Task to carry out
Retype the listing exactly; omit pictures.

Source material
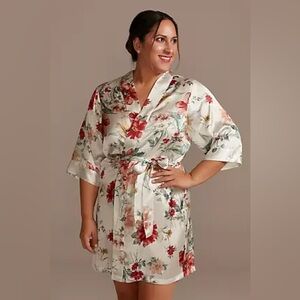 David’s bridal white and floral robe L/XL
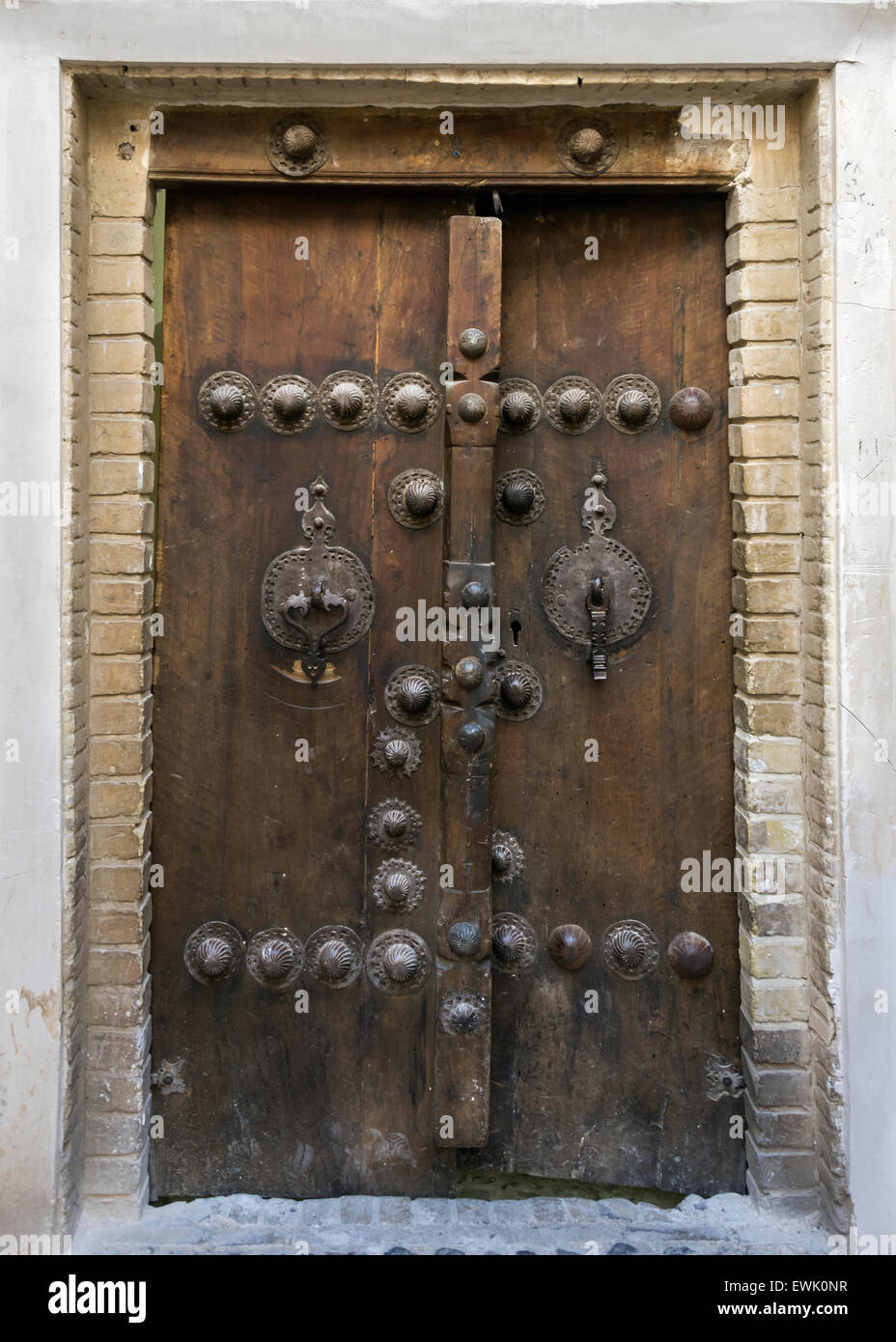 Nahaufnahme von der alten hölzernen Eingangstür Tabatabei historisches Haus, Kaschan, Iran Stockfoto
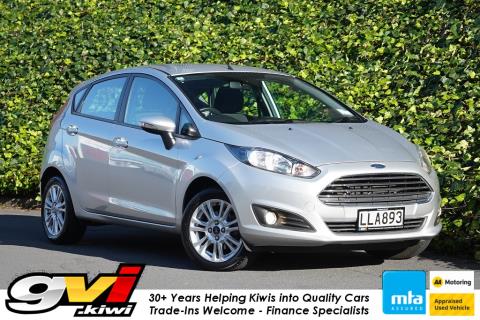 2018 Ford Fiesta Trend - Thumbnail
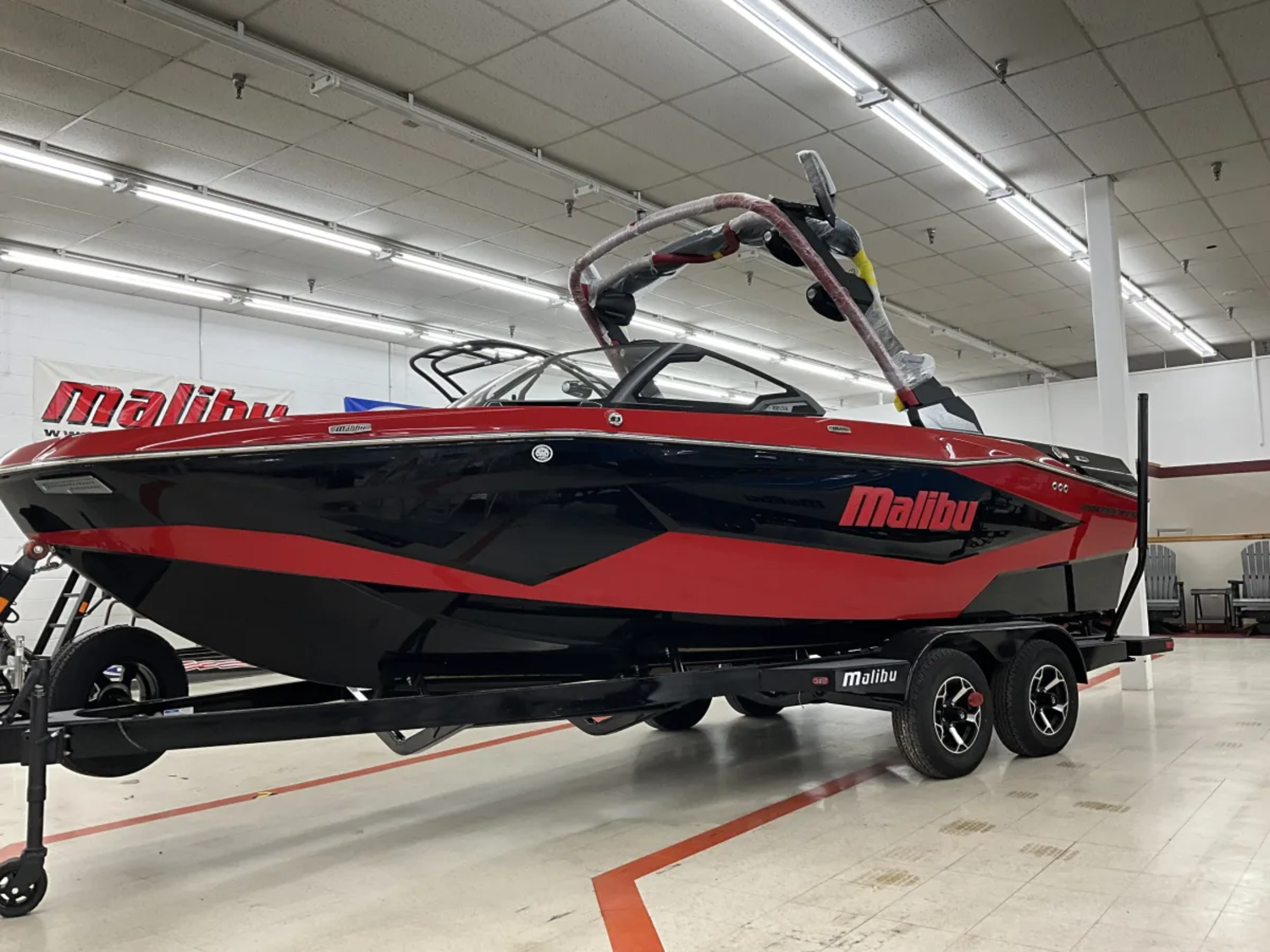 2026 MALIBU 22 LSV Wakesetter Diamond Hull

Response to the task
 David’s bridal white and floral robe L/XL
 Nahaufnahme von der alten hölzernen Eingangstür Tabatabei historisches Haus, Kaschan, Iran Stockfoto
 2018 Ford Fiesta Trend - Thumbnail
 2026 MALIBU 22 LSV Wakesetter Diamond Hull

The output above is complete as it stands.